:: TASK BRIEF ::
In your reply, repeat the full listing exactly and leave each picture out.

:: SOURCE MATERIAL ::
Segment Open

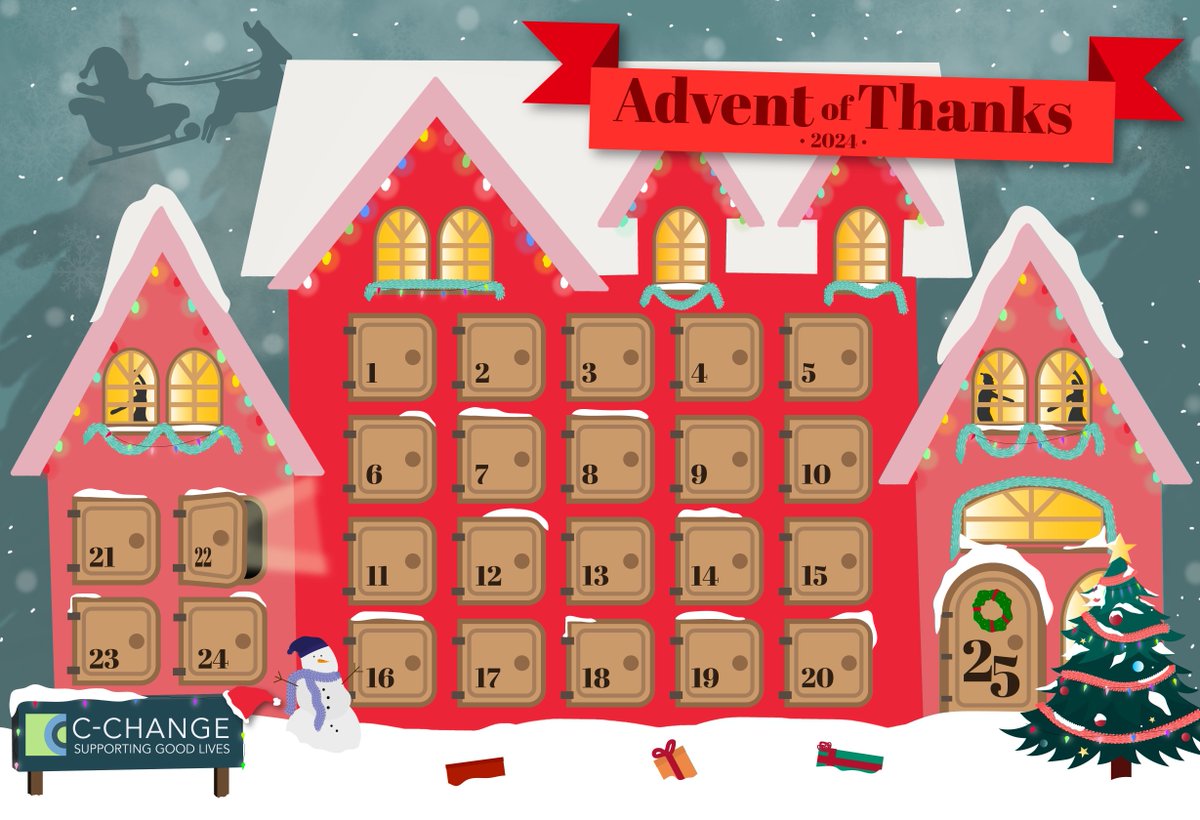 cchangescotland's tweet image. 🎁✨ Day 22 Of Our Advent Of Thanks ✨🎁

Today, we’re celebrating Local Groups for their incredible work and dedication to building strong, connected communities. 🌟

#AdventOfThanks #Gratitude #LocalGroups #BetterIsPossible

Segment Closed

:: SOLVED PROBLEM ::
 cchangescotland's tweet image. 🎁✨ Day 22 Of Our Advent Of Thanks ✨🎁

Today, we’re celebrating Local Groups for their incredible work and dedication to building strong, connected communities. 🌟

#AdventOfThanks #Gratitude #LocalGroups #BetterIsPossible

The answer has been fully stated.